Sunday, April 28, 2013
Saturday, April 27, 2013
Gordon convincingly revisited his rockabilly repertoire tonight at the Bowery Electric. Hardly recognizable now from his early-career James Dean-type photographs, a heavier and graying Gordon is no longer looking like a retro-fit novelty. Accompanied by a simple but very able guitar-bass-drums trio led by Rob Stoner, the now 66-year-old Gordon proved he was not a throwback but a classic. Gordon’s performance was centered on his rich, masculine baritone on long-forgotten country ballads and pre-British Invasion rock and roll songs like “I’m Leaving It Up to You”, “Sea of Heartbreak” and “Rockabilly Boogie.” He closed the evening with a rousing version of the song Marshall Crenshaw wrote for him, “Someday, Someway.” Hopefully this performance will not be a one-shot, but the beginning of a return to many live performances.
Lil’ Kim returned to the New York stage with a late night performance at the Gramercy Theatre tonight. The show was listed for 10 p.m., but she came on at 1 p.m. I wish I had a dollar for every time she said “New York!”, “make some noise” and “I love you so much.” I wish I had a dollar for every person she allowed on stage with her, from the musicians to backup singers, the dancers and body builders, even the photographers and countless people hanging in the wings. But if I had a dollar for every curse word she spouted, I would have more millions than her. Despite all that, and despite several unexplained disappearances off stage during her 50-minute set, she gave the audience what they came for, the hits. Way too often, she pointed the microphone to the audience, having the fans sing or rap the lyrics to her hits. In all, we probably got about a half hour of true performance from her. I would say she got off easy.

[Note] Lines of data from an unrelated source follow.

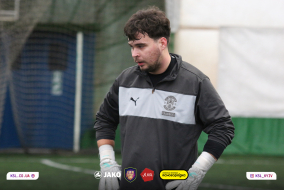 <a href="https://st.getinfootball.com/albums/1085655/65ae8ef058f8a_1920.jpg" target="_blank">Завантажити оригінал</a>
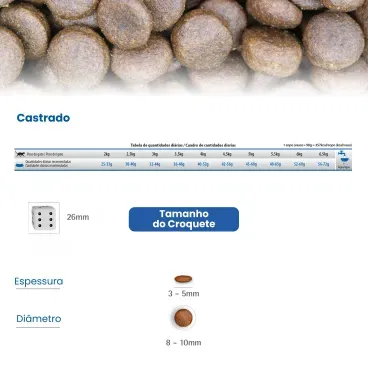 racao-farmina-nd-ocean-gatos-adultos-castrados-salmao-e-melao-3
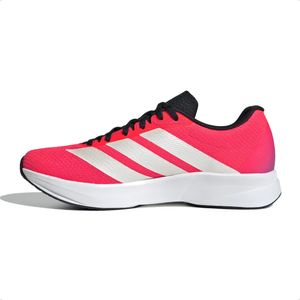Zapatillas Adidas Duramo Rc2 Hombre Running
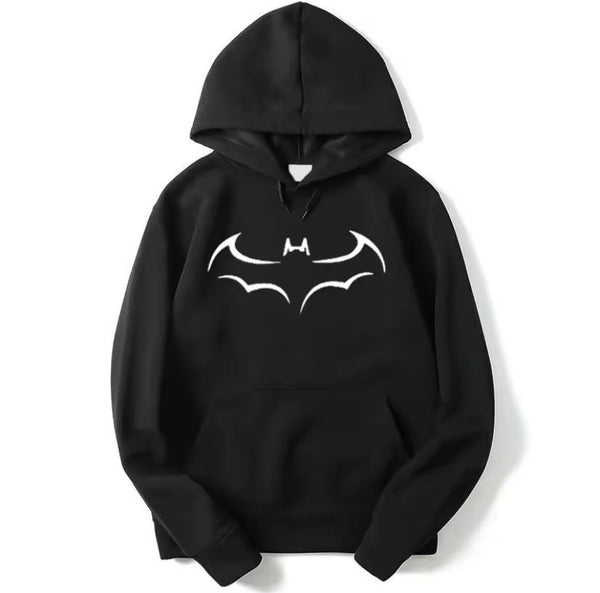 Hoodie Batman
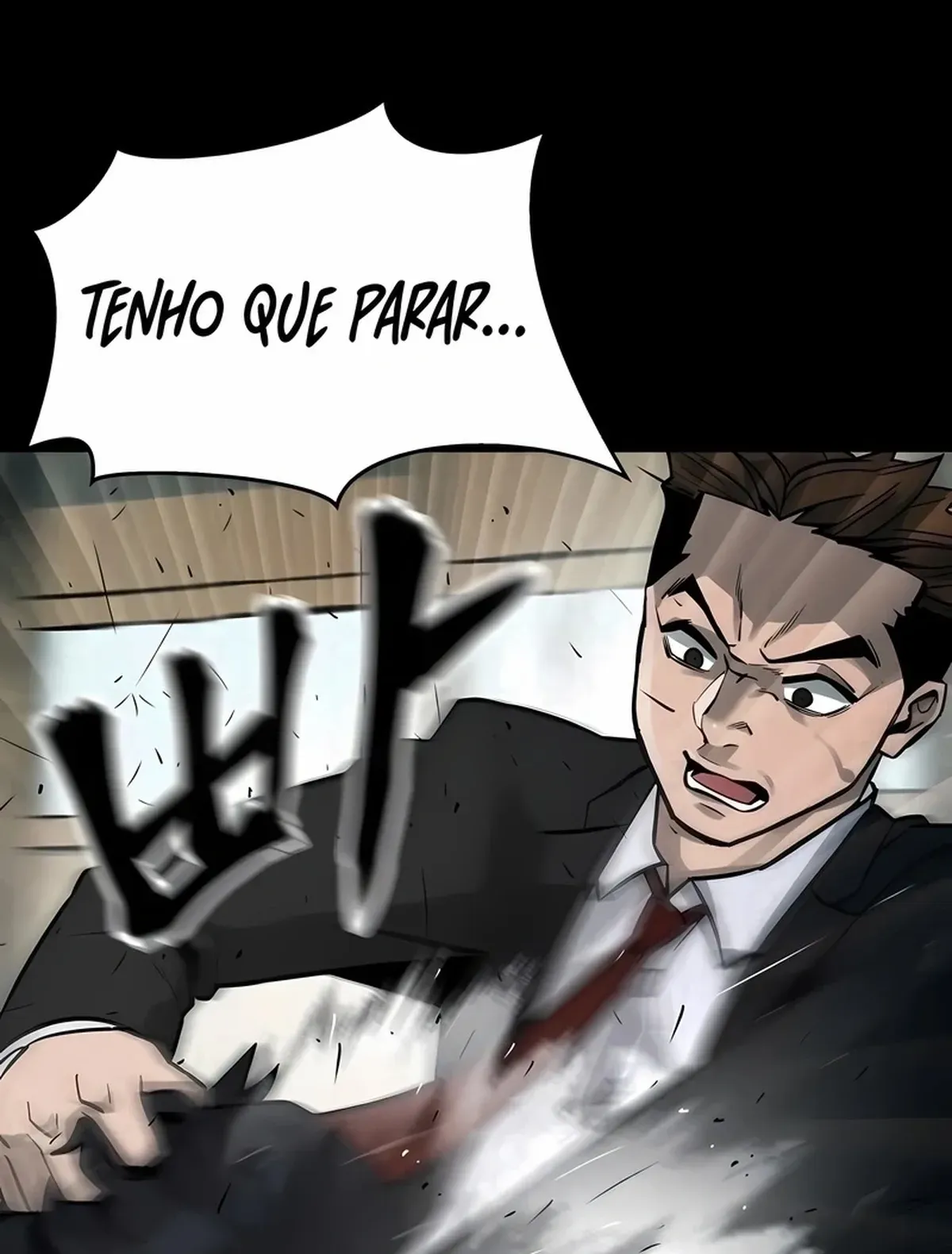 Página 24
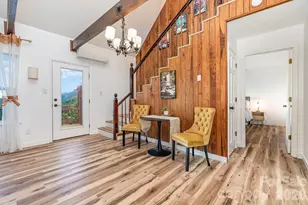 508 Overlook Dr, Burnsville, NC 28714 - Photo 26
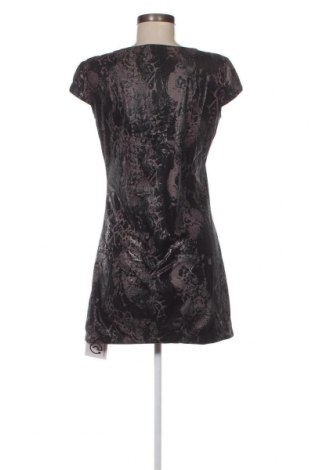 Φόρεμα Barcelona, Μέγεθος S, Χρώμα Μαύρο, Τιμή 3,27 €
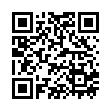 QR kód na túto stránku kolarovo.oma.sk u safarikova 5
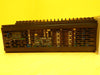 Premium 0588.2 Power Supply PCB Card ASML 4022.471.84291 4022.471.84293 Working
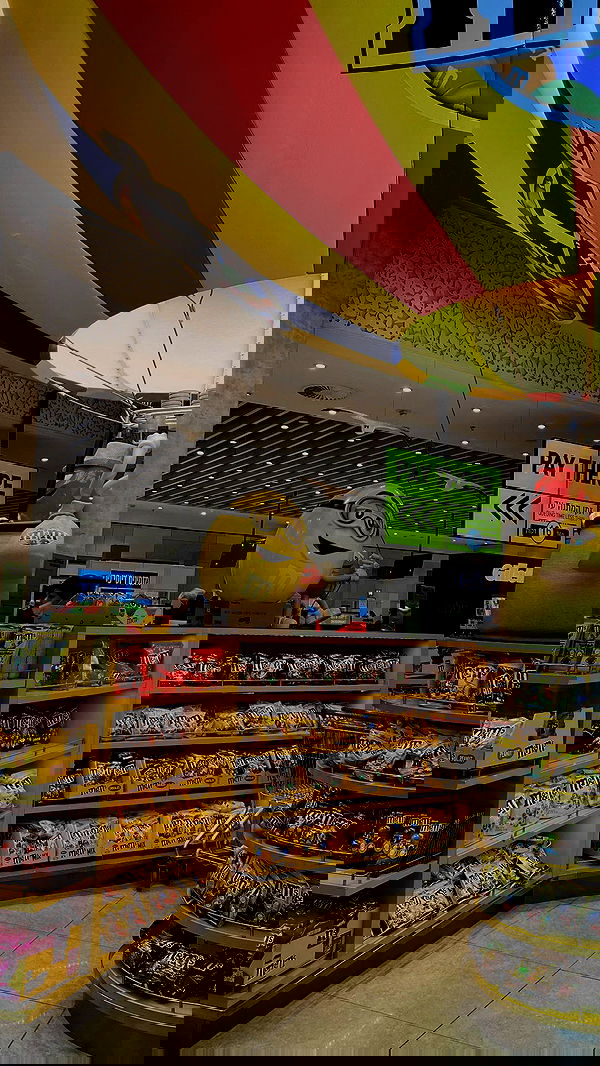 roni.benshushan roni.benshushan archive image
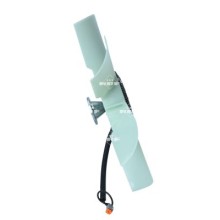Radiator Fan Clutch NRF 49758 OE Ref 1856995C NRF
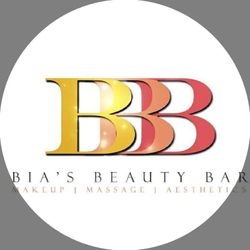 Bia's Beauty Bar, 220 Merrimack Street, Lawrence, 01843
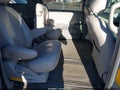 2014 Toyota Sienna — photo 8 of 16 | VIN 5TDKK3DC1ES467764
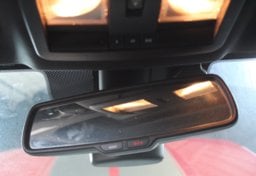 2015 Dodge Challenger SRT 392 - Image 46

Backed simply by a strong bass and drums rhythm section at Rodeo Bar and Grill tonight, the trio played blues and boogie. Some songs were instrumentals, some were sung, but at the end of the set all I remembered was Taino’s precise and dizzying guitar playing. Taino’s fingers were all over the frets of his guitar. He played rough; he played sweet; he just played and played like Stevie Ray Vaughan or Johnny Winter. Newer guitarists need to sit at Taino’s feet to watch and learn. Taino plays solo at Bamboleo in Greenwich Village every Monday and Wednesday evening and occasional band gigs in New Jersey.
Friday, April 26, 2013
The Harmonica Lewinskies returned to Arlene’s Grocery tonight and once again whipped up a frenzy with high energy, fast moving songs. Whether it was ska-flavored originals or spirited covers of 1960s songs including “Land of 1,000 Dances” or “Johnny B. Goode,” the musicians kept the party going and kept the goers partying. Each of the band’s front men took turns leading the songs so no one musician was the focal point. Here is a band that did not seem to torture itself trying to compose intricate new arrangements –they brought their individual musical inspirations to the family table and then everyone else partied like it was 1999. Watch for the Harmonica Lewinskies; the band will soon rock a music club near you.
Thursday, April 25, 2013
King returned to the Mercury Lounge tonight to perform two sets, one solo and one with a small band. The band consisted of a drummer and her frequent collaborator, Dan Brantigan, who played a trumpet, synthesizers and programs, including a unique breath-controlled trumpet synthesizer. The two concerts celebrating the 10th anniversary of the release of her debut acoustic album, Everybody Loves You. King sang several soft indie-sounding songs, but the spell-binding feature of the performance was that without a lot of flash, King demonstrated that she is a student of the guitar, combining a variety of previously unconnected techniques. For instance, one composition launched with classical flamenco fingering before smoothly transitioning into a jazz fusion blend and concluding with more chamber-esque progressions. On some of her rocking songs, she borrowed influences from heavy metal riffs and grooves. She played melodies with finger-style "fanning," fret tapping and funky slap bass percussion techniques, using imaginative double open tunings and multiple tunings on acoustic, electric and, for an encore, a lap steel guitar. She also incorporated electronic sound layering and looping. Overall, her sonic vision defies definition, but King is one of the most amazing guitarists you will ever see.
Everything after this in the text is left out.